Gwen was a 14 year old girl with a lot of potential. She was smart, pretty, sociable and well-liked. Her parents were in an unhappy marriage and spent much of their time in toxic fighting, praising Gwen’s younger brother for his successes and demeaning Gwen for begin Gwen. She began scratching on her arm to distract herself. When Gwen began running away from home, using drugs and prostituting, she found glass shards and straight edges would do the job better; causing more pain, which she was sure that she deserved. After several years of work on Gwen’s abandonment and self-blame issues, she was able to stop harming herself and find other, more healthy methods of coping such as art, music, being in nature and an occasional rubbing of ice on her arm to feel some pain. She realized that she did not need to abandon herself even though her parents had done so; she deserved better.

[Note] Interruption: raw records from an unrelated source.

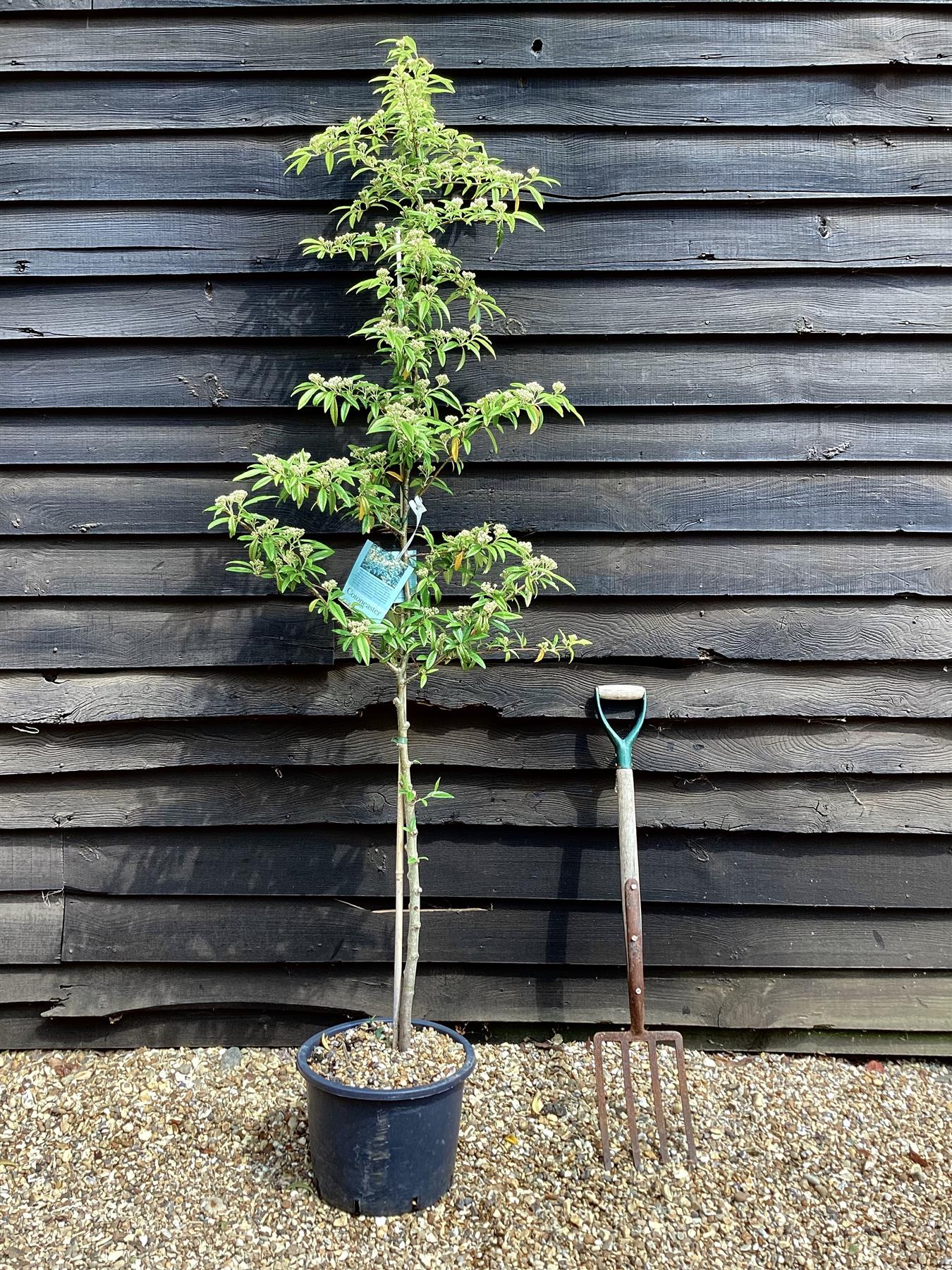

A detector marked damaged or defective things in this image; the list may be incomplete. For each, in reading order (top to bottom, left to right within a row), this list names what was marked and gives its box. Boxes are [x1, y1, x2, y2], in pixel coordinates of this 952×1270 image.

rusty fork tines [594, 883, 695, 1168]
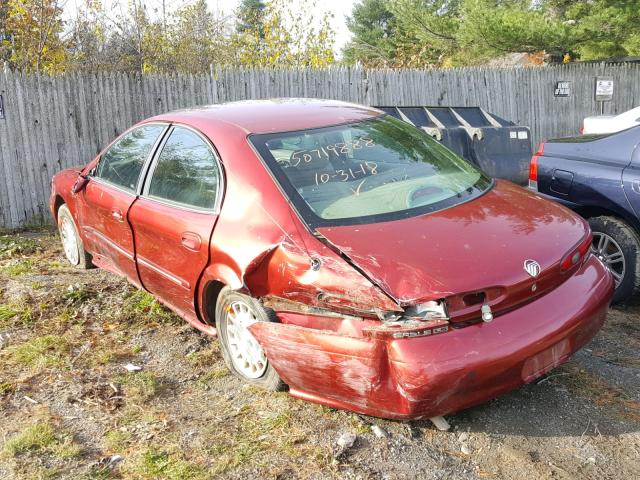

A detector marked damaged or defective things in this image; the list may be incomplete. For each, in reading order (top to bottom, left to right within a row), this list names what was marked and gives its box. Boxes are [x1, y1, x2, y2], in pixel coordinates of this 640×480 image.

damaged red sedan [51, 99, 616, 418]
cracked bumper [250, 255, 616, 420]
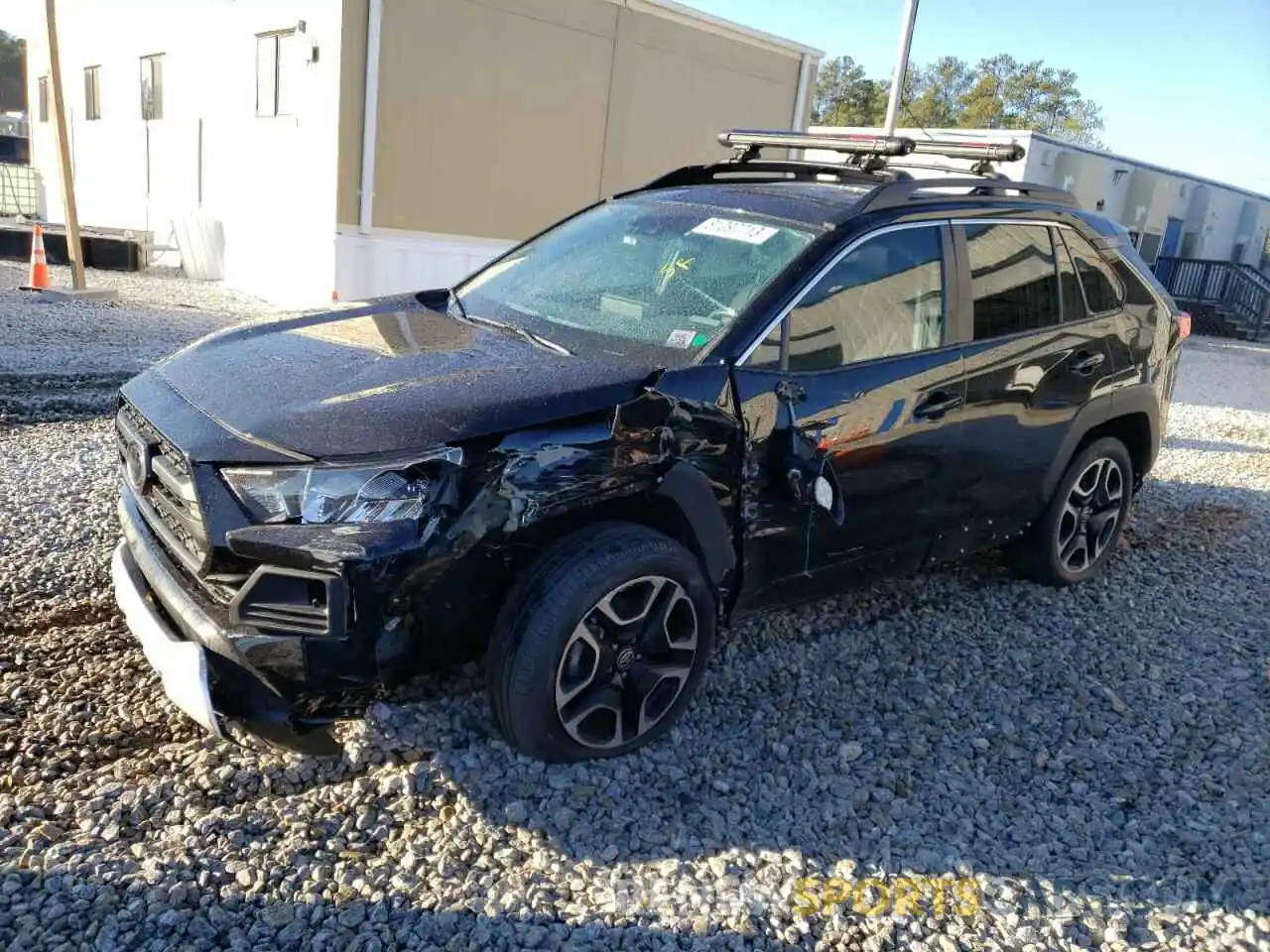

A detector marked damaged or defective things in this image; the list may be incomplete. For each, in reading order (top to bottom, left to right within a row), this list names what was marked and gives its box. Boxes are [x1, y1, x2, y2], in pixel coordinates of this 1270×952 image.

crumpled hood [145, 298, 660, 461]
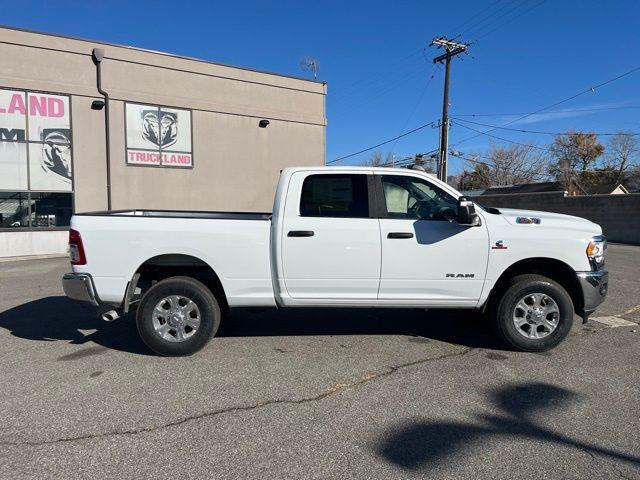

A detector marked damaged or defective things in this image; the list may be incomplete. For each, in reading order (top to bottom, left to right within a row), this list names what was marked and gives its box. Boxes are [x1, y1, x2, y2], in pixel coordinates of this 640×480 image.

crack in asphalt [0, 344, 470, 446]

Until mental health professionals, parents, teachers and doctors realize these regularly made mistakes, too many girls and boys, men and women will go mis-diagnosed and mis-treated in the medical and mental health systems. First and perhaps foremost is to not be disgusted or angry at the self mutilation. Would a professional show anger at an alcoholic? an anorexic? Self mutilation is just another means of coping with trauma, similar to using substances or eating disorders.
Next, taking an interest in the actual, physical wound is important. Ask what tool(s) they use. Was it clean? Did they clean the wound? Where and when do they harm themselves? Each answer will give invaluable information concerning how the client treats themselves, triggers and trauma response. Inquiring about thoughts and feelings immediately preceding the act(s) will also help when looking at ways to change or curb the behavior. Self awareness is extremely useful for the self injurer. Working with the self injurer to understand why and when they harm themselves will give them power over the powerful response to stress such as cutting; if they understand why and when, they have choices. Finally giving them alternative coping mechanisms, so that when they get triggered, they can choose, will go a long way in lessening or stopping self injury.
With more self injuring patients showing up in therapeutic settings, whether they be hospitals, residential treatment, foster homes or sometimes schools, helping professionals need to have clarity about who, how, when and why people harm themselves. Much of the fear surrounding self mutilation is due to lack of knowledge and the helper’s response to perceived physical pain. Certainly not all mental health professionals should be working with this specific population. Just as it is important to know personal limitations with substances, eating disorders or personality disorders, it is important to know personal/professional limitations with self injury. At the same time, having a basic knowledge of what is and is not suicidal behavior, what is and what is not attention-seeking, what is and what is not linked to early sexual abuse will only help with appropriate diagnosis and treatment planning by parents and professionals alike.